» **INSTRUCTIONS TO FOLLOW**: Set down all of the records below exactly, please, omitting the images.

──────── DATA EXCERPTS ────────

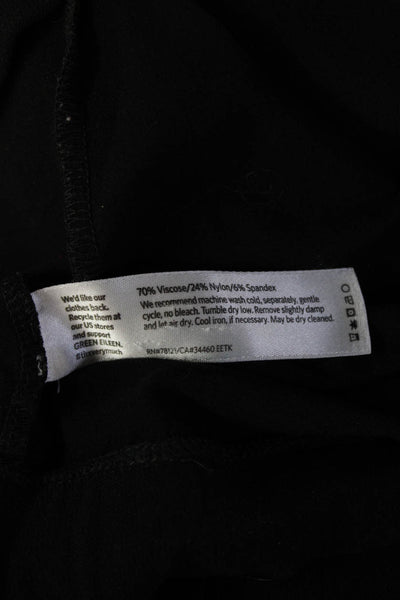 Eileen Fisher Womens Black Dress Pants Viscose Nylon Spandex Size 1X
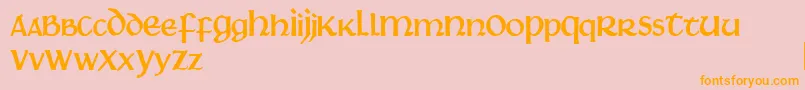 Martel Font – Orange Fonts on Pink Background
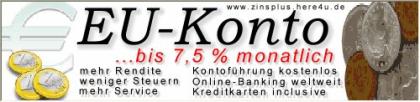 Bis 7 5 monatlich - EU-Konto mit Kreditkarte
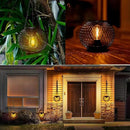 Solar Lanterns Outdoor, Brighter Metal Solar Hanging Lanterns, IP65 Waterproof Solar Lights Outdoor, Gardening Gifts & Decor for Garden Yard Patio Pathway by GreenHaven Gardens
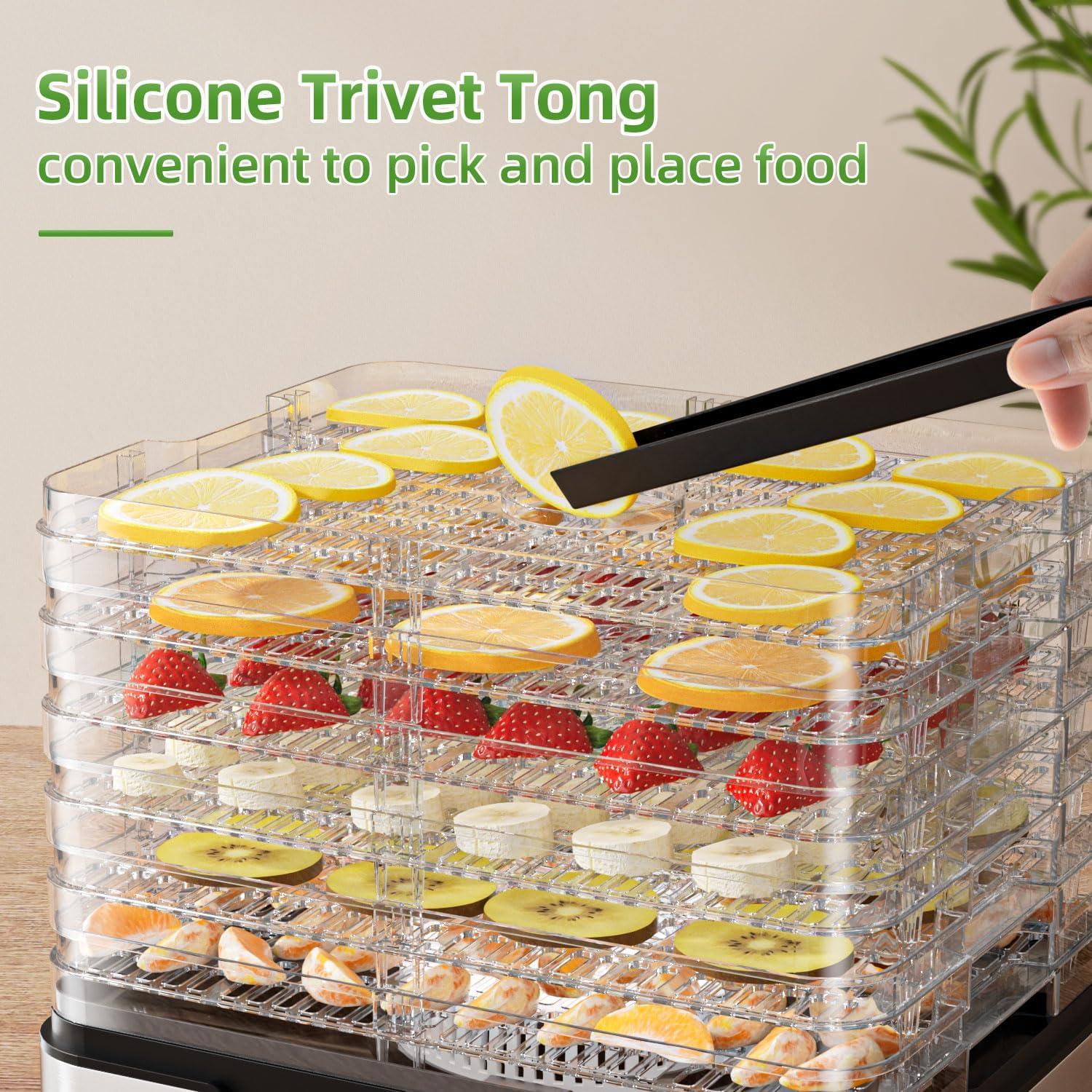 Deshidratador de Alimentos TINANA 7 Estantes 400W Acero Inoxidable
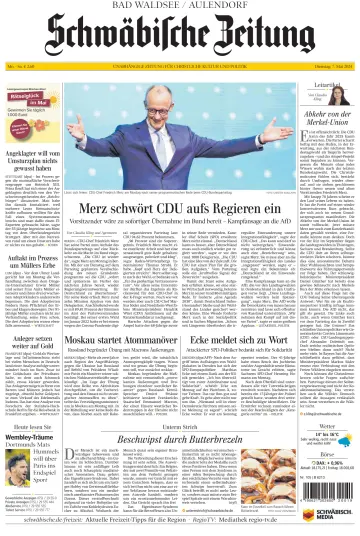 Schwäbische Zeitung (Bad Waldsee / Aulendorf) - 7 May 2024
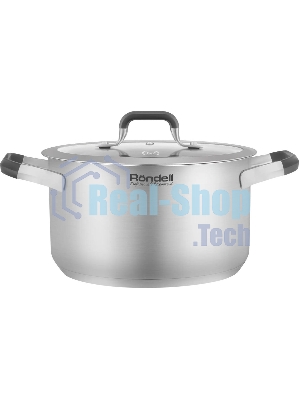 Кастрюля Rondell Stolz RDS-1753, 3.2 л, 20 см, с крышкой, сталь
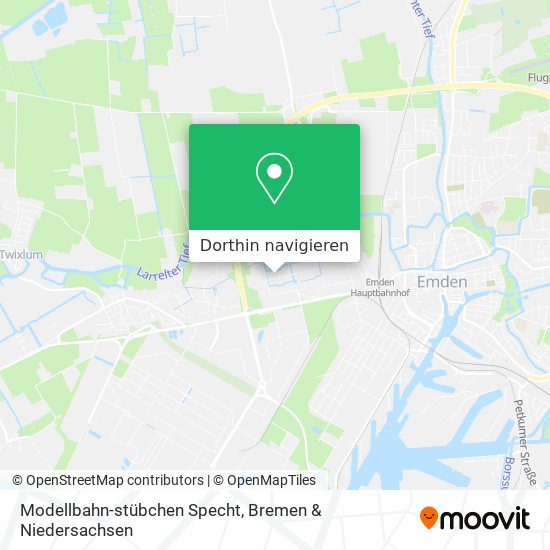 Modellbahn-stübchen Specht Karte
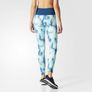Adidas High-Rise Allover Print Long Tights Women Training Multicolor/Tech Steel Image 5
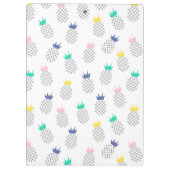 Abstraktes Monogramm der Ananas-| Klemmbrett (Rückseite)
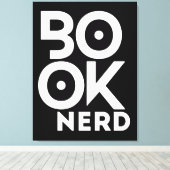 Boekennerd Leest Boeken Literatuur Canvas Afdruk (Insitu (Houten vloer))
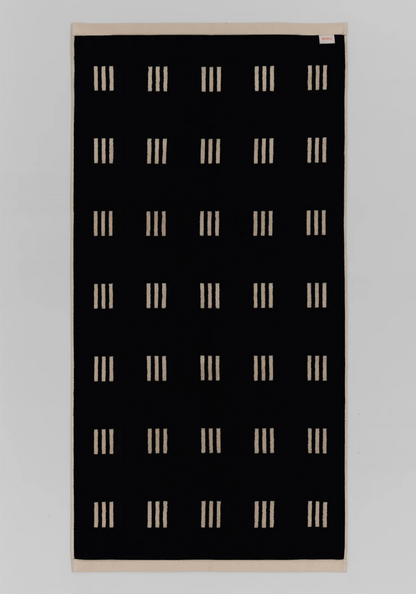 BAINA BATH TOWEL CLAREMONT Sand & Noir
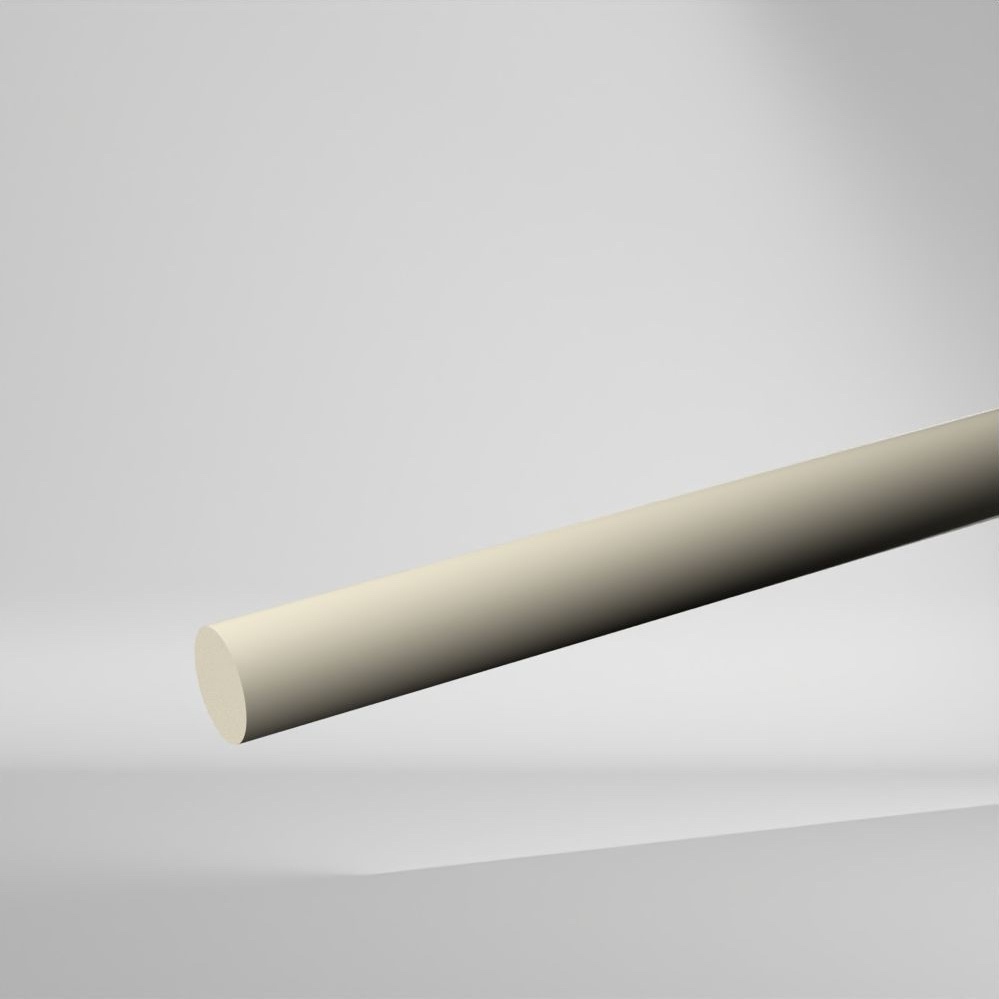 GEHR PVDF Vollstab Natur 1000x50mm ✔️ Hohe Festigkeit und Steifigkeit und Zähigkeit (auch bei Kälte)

────────

» **YOUR SOLUTION**:
 Eileen Fisher Womens Black Dress Pants Viscose Nylon Spandex Size 1X
 Martel Font – Orange Fonts on Pink Background
 Bis 7 5 monatlich - EU-Konto mit Kreditkarte
 Solar Lanterns Outdoor, Brighter Metal Solar Hanging Lanterns, IP65 Waterproof Solar Lights Outdoor, Gardening Gifts & Decor for Garden Yard Patio Pathway by GreenHaven Gardens
 Deshidratador de Alimentos TINANA 7 Estantes 400W Acero Inoxidable
 Schwäbische Zeitung (Bad Waldsee / Aulendorf) - 7 May 2024
 Кастрюля Rondell Stolz RDS-1753, 3.2 л, 20 см, с крышкой, сталь
 Modellbahn-stübchen Specht Karte
Adidas High-Rise Allover Print Long Tights Women Training Multicolor/Tech Steel Image 5
 Abstraktes Monogramm der Ananas-| Klemmbrett (Rückseite)
 Boekennerd Leest Boeken Literatuur Canvas Afdruk (Insitu (Houten vloer))
 BAINA BATH TOWEL CLAREMONT Sand & Noir
 GEHR PVDF Vollstab Natur 1000x50mm ✔️ Hohe Festigkeit und Steifigkeit und Zähigkeit (auch bei Kälte)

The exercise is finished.